Your instructions -
The answer is to be the lines below that lie between the line holding "201609181905243-20160711155708" and the line holding "Parafango anteriore per", inclusive, transcribed exactly and free of pictures.

Listed records -
::::::

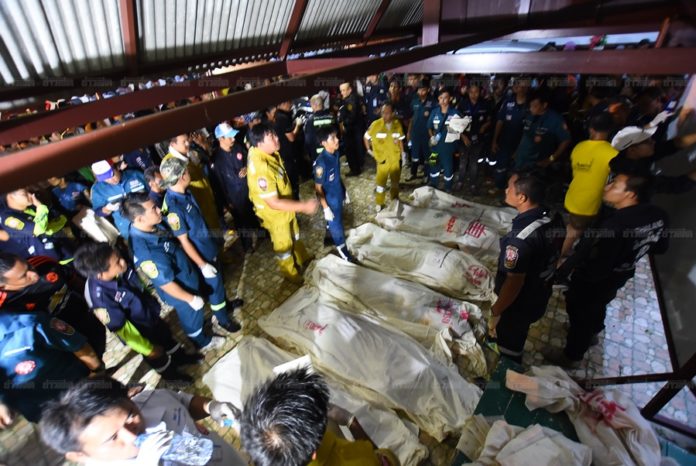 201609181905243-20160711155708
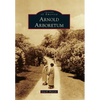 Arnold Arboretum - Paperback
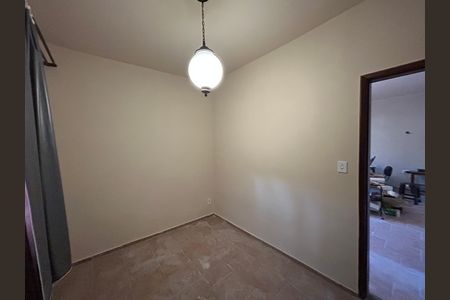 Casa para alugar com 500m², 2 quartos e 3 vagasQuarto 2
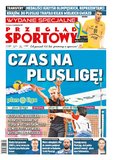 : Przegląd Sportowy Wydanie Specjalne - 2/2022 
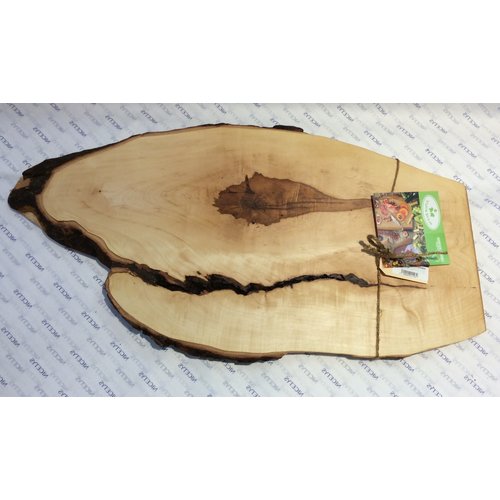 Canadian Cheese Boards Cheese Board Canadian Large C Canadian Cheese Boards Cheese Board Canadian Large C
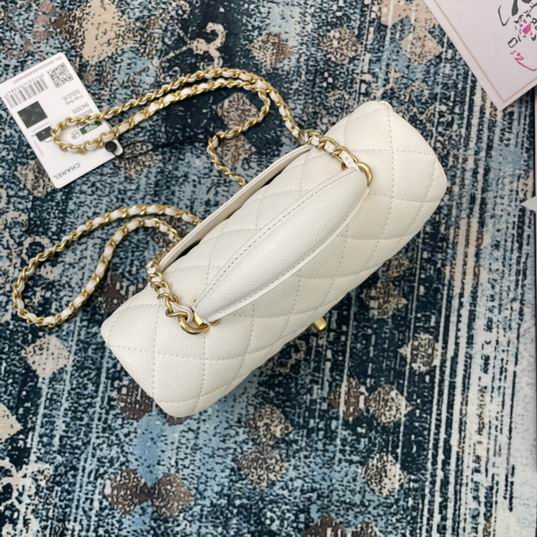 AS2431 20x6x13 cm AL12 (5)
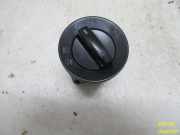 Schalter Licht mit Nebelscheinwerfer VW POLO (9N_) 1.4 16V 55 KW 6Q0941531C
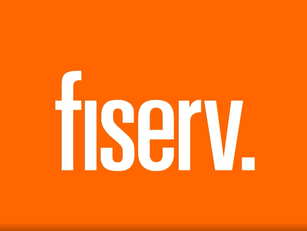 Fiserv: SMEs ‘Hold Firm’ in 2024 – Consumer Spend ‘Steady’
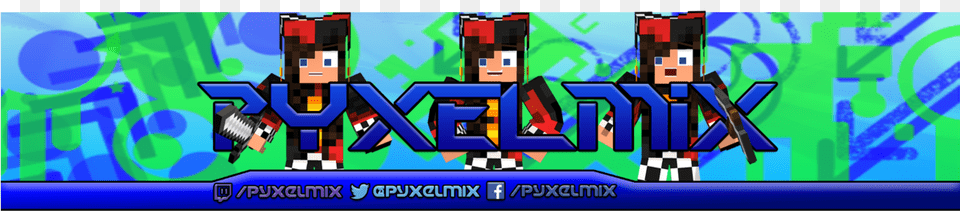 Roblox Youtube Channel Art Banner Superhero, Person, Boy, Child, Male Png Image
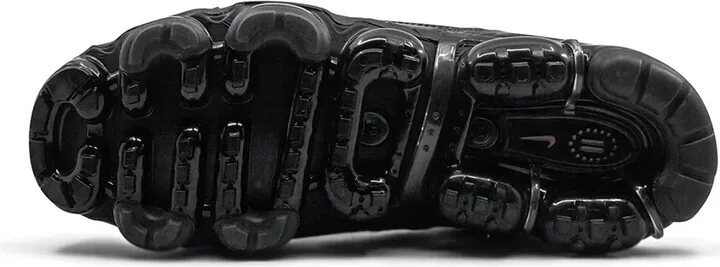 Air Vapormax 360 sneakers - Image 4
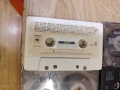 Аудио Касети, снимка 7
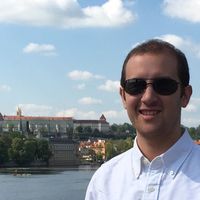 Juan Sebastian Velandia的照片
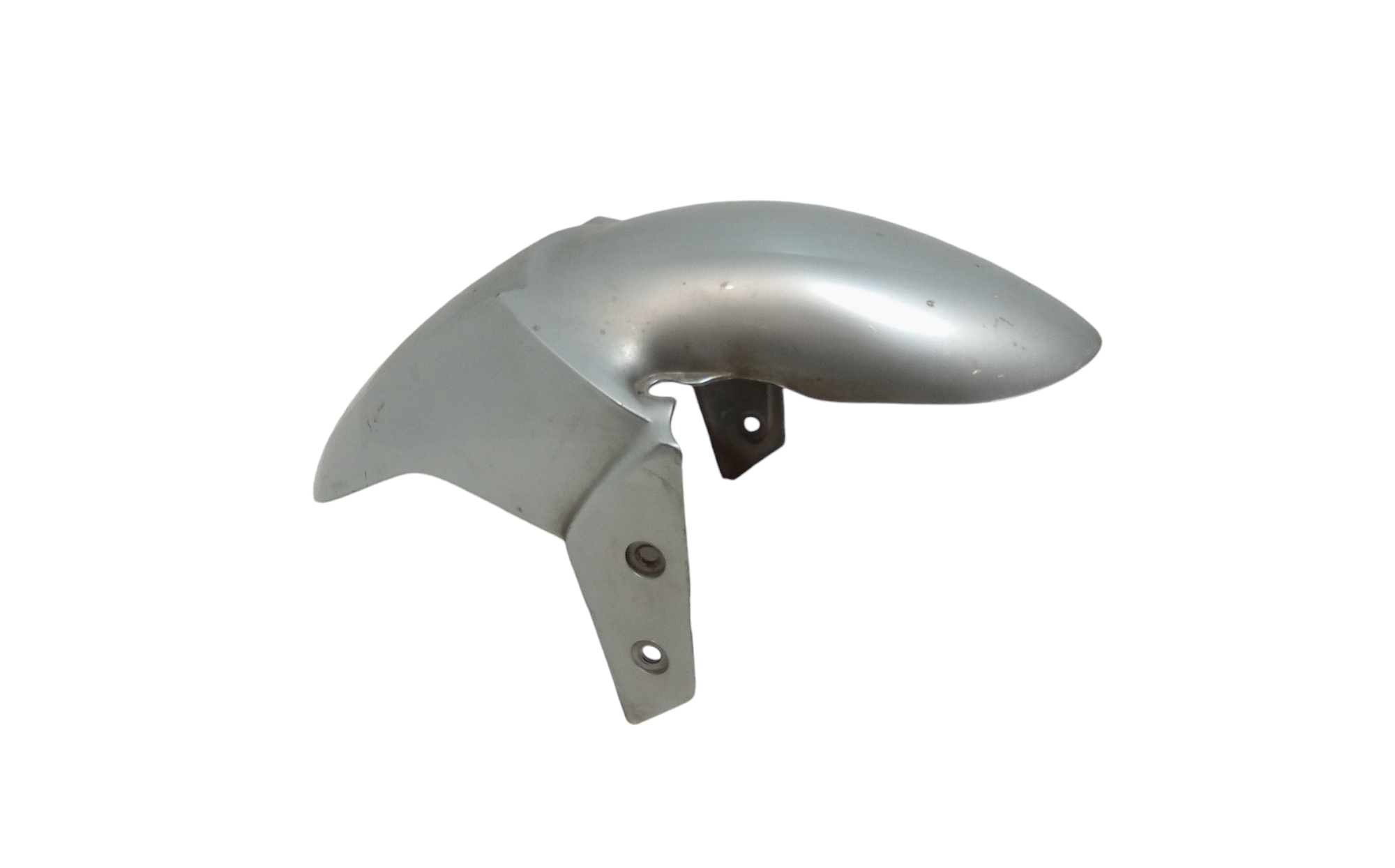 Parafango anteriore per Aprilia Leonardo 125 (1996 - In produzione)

::::::

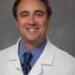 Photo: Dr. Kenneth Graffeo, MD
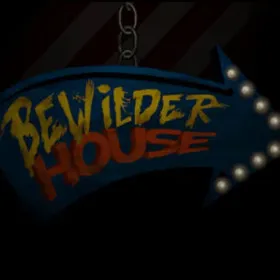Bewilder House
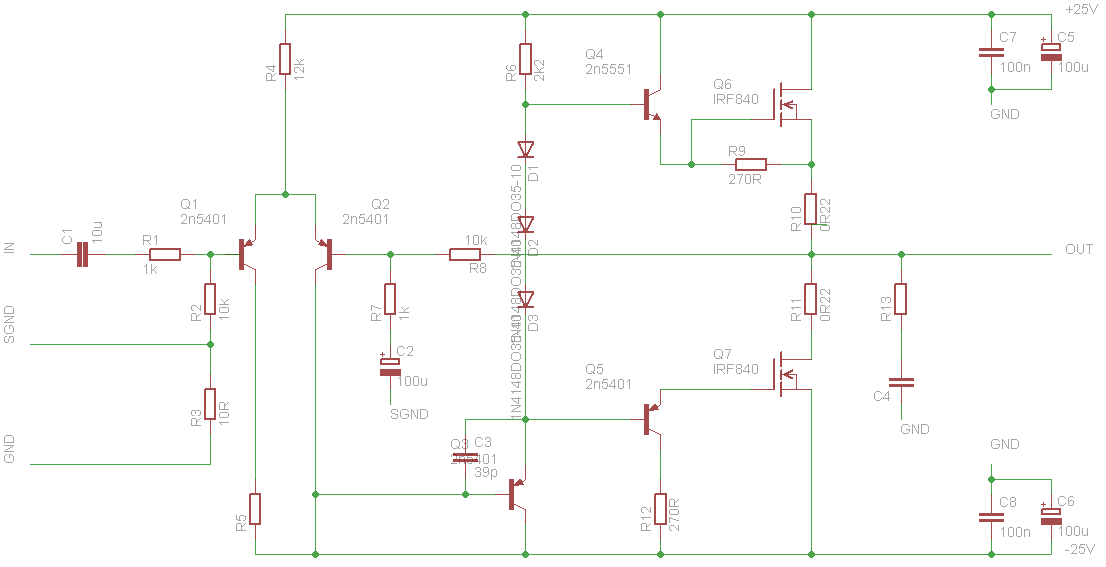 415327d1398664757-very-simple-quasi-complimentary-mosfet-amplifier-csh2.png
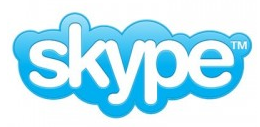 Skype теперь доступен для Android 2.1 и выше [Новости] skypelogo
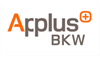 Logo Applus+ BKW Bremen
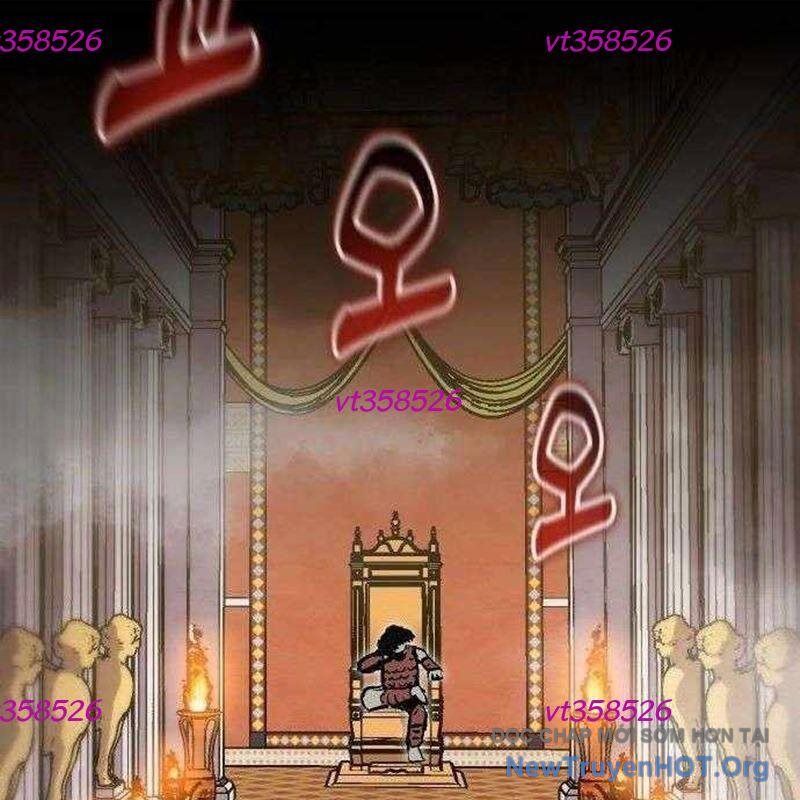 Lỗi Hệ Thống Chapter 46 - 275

::::::

Response area -
 201609181905243-20160711155708
 Arnold Arboretum - Paperback
 Casa para alugar com 500m², 2 quartos e 3 vagasQuarto 2
 : Przegląd Sportowy Wydanie Specjalne - 2/2022 
 Canadian Cheese Boards Cheese Board Canadian Large C Canadian Cheese Boards Cheese Board Canadian Large C
 AS2431 20x6x13 cm AL12 (5)
 Schalter Licht mit Nebelscheinwerfer VW POLO (9N_) 1.4 16V 55 KW 6Q0941531C
 Fiserv: SMEs ‘Hold Firm’ in 2024 – Consumer Spend ‘Steady’
 Roblox Youtube Channel Art Banner Superhero, Person, Boy, Child, Male Png Image
 Air Vapormax 360 sneakers - Image 4
 Аудио Касети, снимка 7
 Juan Sebastian Velandia的照片
 Parafango anteriore per Aprilia Leonardo 125 (1996 - In produzione)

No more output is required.